| SOURCE RECORDS |
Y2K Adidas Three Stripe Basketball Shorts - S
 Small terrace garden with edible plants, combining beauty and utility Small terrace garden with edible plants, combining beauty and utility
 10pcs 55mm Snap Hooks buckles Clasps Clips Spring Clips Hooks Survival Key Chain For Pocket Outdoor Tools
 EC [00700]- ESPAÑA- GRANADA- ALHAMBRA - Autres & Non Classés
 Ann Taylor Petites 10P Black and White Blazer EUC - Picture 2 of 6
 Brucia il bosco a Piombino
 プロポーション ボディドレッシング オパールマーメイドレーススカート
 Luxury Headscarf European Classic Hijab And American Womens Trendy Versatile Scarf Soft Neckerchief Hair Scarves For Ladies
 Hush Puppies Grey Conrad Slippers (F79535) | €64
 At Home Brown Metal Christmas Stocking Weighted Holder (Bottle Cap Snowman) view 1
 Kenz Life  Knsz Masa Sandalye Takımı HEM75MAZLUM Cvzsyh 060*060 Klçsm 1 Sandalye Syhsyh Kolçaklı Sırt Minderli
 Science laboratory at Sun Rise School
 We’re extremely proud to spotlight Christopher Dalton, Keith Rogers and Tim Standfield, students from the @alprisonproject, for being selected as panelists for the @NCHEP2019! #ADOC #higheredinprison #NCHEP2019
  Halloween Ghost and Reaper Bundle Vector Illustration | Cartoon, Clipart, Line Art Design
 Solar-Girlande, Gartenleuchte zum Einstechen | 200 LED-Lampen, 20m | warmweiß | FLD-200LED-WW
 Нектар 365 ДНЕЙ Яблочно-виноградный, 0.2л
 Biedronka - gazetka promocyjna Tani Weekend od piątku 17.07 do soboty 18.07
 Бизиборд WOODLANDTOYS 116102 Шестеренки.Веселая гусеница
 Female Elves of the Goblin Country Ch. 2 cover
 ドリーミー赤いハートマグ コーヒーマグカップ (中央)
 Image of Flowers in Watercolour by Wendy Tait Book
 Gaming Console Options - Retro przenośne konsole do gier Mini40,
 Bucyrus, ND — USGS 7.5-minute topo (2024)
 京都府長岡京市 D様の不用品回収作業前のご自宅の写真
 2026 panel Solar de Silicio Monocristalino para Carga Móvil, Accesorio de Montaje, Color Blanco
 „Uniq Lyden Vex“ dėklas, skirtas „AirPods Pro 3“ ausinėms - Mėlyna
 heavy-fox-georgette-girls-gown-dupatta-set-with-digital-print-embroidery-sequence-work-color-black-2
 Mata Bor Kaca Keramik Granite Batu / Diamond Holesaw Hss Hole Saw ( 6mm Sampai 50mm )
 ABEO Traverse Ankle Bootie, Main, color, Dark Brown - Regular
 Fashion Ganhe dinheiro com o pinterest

| AIM OF THE TASK |
Extract exactly and only the lines above from the line containing "Kolçaklı Sırt Minderli" through the line containing "Нектар 365 ДНЕЙ Яблочно-виноградный, 0.2л", both end lines included.

| EXERCISE RESPONSE |
 Kenz Life  Knsz Masa Sandalye Takımı HEM75MAZLUM Cvzsyh 060*060 Klçsm 1 Sandalye Syhsyh Kolçaklı Sırt Minderli
 Science laboratory at Sun Rise School
 We’re extremely proud to spotlight Christopher Dalton, Keith Rogers and Tim Standfield, students from the @alprisonproject, for being selected as panelists for the @NCHEP2019! #ADOC #higheredinprison #NCHEP2019
  Halloween Ghost and Reaper Bundle Vector Illustration | Cartoon, Clipart, Line Art Design
 Solar-Girlande, Gartenleuchte zum Einstechen | 200 LED-Lampen, 20m | warmweiß | FLD-200LED-WW
 Нектар 365 ДНЕЙ Яблочно-виноградный, 0.2л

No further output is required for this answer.